Ils ne peuvent survivre sans quantités suffisantes de matières organiques, c’est pourquoi on les retrouve seulement dans les tas de fumier ou de compost et non pas dans les sols des jardins et des champs.

On reconnaît facilement le ver de fumier à sa couleur rosée et à ses anneaux clairs, presque jaunes.

Ils sont utilisés pour les élevages à grande échelle.

Ces élevages intensifs sont pour le compostage des déchets organiques et la fabrication de protéines.

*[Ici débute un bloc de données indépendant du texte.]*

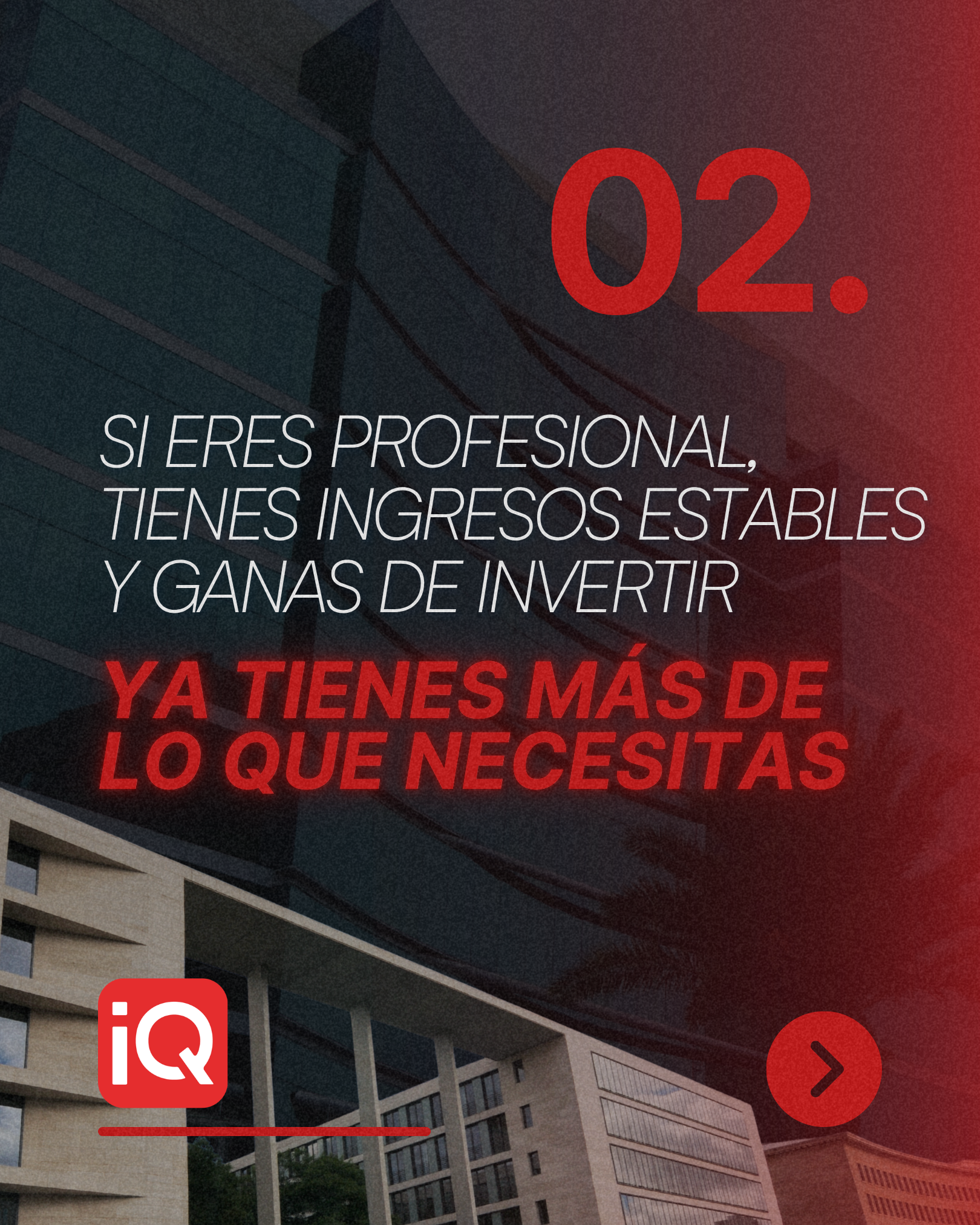 IQ (3)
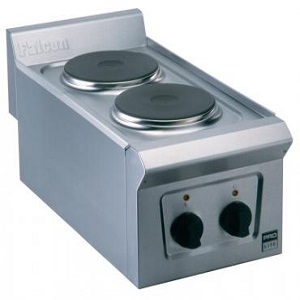 Falcon-Electric-Boiling-Top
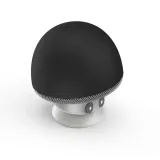setty-glosnik-bluetooth-grzybek-czarny-zasilanie-akumulatorowe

Ces vers sont très prolifiques. Ils se reproduisent bien à des températures variant de 20 °C à 25 °C. Les vers du fumier sont adaptés pour exploiter les matières organiques en décomposition rapide telles que le fumier ou la végétation. Ils vivent en conditions de forte densité, ce qui signifie qu’il est possible d’en élever de grand nombre dans un espace restreint.

 

Lumbricus rubellus

Ce ver ressemble à Eisenia foetida par sa petite taille et parce qu’il absorbe aussi la matière organique en grandes quantités.

 

 

On le différencie du ver de fumier par sa couleur rouge unie. Il vit directement à la surface du sol caché sous les feuilles. On l’utilise volontiers pour l’élevage.

 

Ver nocturne africain

Le ver nocturne africain (Eudrilus eugeniae) est de petite taille.

 

 

Il est aussi l’objet d’une production intensive. Les conditions d’élevage et d’alimentation de cette espèce sont semblables à celle du ver du fumier. La température optimale d’élevage semble être d’environ 24 °C, mais il peut tolérer des températures variant de 20 °C à 26 °C. La croissance et la reproduction sont considérablement réduites à des températures inférieures à 20 °C.

 

Vers du jardin

Les vers du jardin (Aporrectodea trapezoides, A. tuber-culate, A. turgida) peuvent aussi être utilisés comme appâts et s’élever dans des contenants.

 

Eisenia hortensis ou veneta ou Dendrobaena veneta

Cette espèce apparentée au ver du fumier décompose la matière organique en grande quantité, est très prolifique et s’élève en forte densité.

 

 

 

Elle présente l’avantage d’avoir une taille intermédiaire entre le ver du fumier et le lombric qui permet d’en faire un ver d’appât acceptable par les pêcheurs. À la différence du lombric, Dendrobaena veneta se prête bien à l’élevage.

 

Cette espèce est bien adaptée au traitement des déchets organiques très humides car elle a besoin d’un taux d’humidité plus élevé que Eisenia Foetida, elle se contente également de températures un peu plus froides. Elle a déjà été utilisée dans des centres de traitement de boues de papier par exemple.

 

Le taux de reproduction et la vitesse de croissance étant inférieurs aux autres espèces, le démarrage sera plus lent. Certains annoncent un délai de 18 mois pour obtenir une population stable dans un lombricomposteur.

 

Température : 13 à 18° C, maximum 30°

 

Reproduction dans des conditions idéales :

- environ 6 petits par mois pour 1 ver

- éclosion du cocon entre 40 et 125 jours

- maturité sexuelle à 55-85 jours

 

Si on l’utilise conjointement à Eisenia Foetida dans un lombricomposteur à étages, cette espèce restera dans les bacs du bas plus humides et plus frais, tandis que Eisenia Foetida sera plus présente dans les bacs situés plus hauts.

 

Bine qu’étant de plus grande taille, elle n’aura aucun problème pour passer par les trous ou un grillage à mailles de 5mm d'un lombricomposteur à étages.

 

En résumé, compte tenu de ses besoins en température et de son taux de reproduction plus bas, cette espèce ne semble pas la mieux adaptée au lombricompostage d’intérieur, sauf besoin particulier pour les pêcheurs par exemple.